Quantas mais vezes oiço vossa voz, mais me apetece ter-vos aqui e, continuamente, ouvi-la. Parecendo que os pássaros todos poisam no vosso ombro, que vos iluminais como um ser irreal, parecendo que ser divina, vossa voz consagra ainda mais força dentro de mim.
Agora, estando aqui rendida as palavras que não oiço da vossa voz, tenho um súbito desejo de a ouvir. Ela penetra-me nos ouvidos e ecoa na minha cabeça como algo inquebrável. A melodia dela. O sentido que ela tem. Eu sei, eu sei, é só para mim, mas sendo para mim, sabe bem demais tudo isto. Ouvir-vos e ver-vos sabe-me bem demais.
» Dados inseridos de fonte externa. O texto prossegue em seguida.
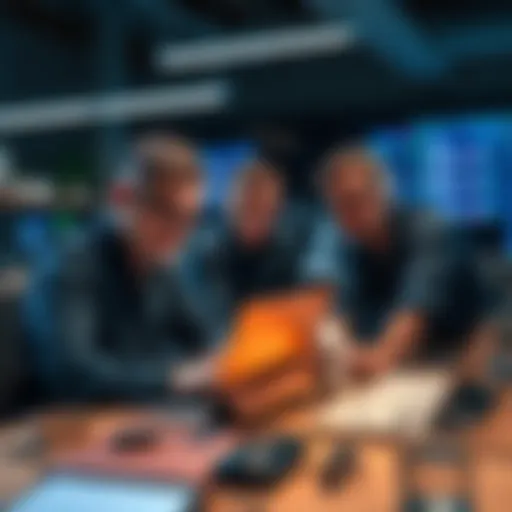 A team of developers collaborating at a desk, analyzing code and enhancing node performance on their laptops.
É por isso que me vicio nas vossas teclas e no seu som. É por isso que vos escrevo: porque quero ouvir, sempre, a música que tocais. Todos os dias me presenteais com uma nova e, quando retomais uma mais velha, é um oceano nostálgico de lágrimas dentro de mim. Todos os dias me presenteais com o vosso preto, sempre igual e, também ele, intocável. É o vosso preto. Depois sim, vem o vosso branco, das teclas, dos dentes. Talvez chamar-vos piano, a cada dia que passa me faça mais sentido. Cada dia que passa é cada vez mais o vosso preto, o vosso branco. Cada dia mais vós vos tornais monocromática e, nessas duas cores, mudais a minha visão de escrita.
Talvez, todos os dias, escrever-vos seja mudar a vossa imagem - ou mudar-me só a mim.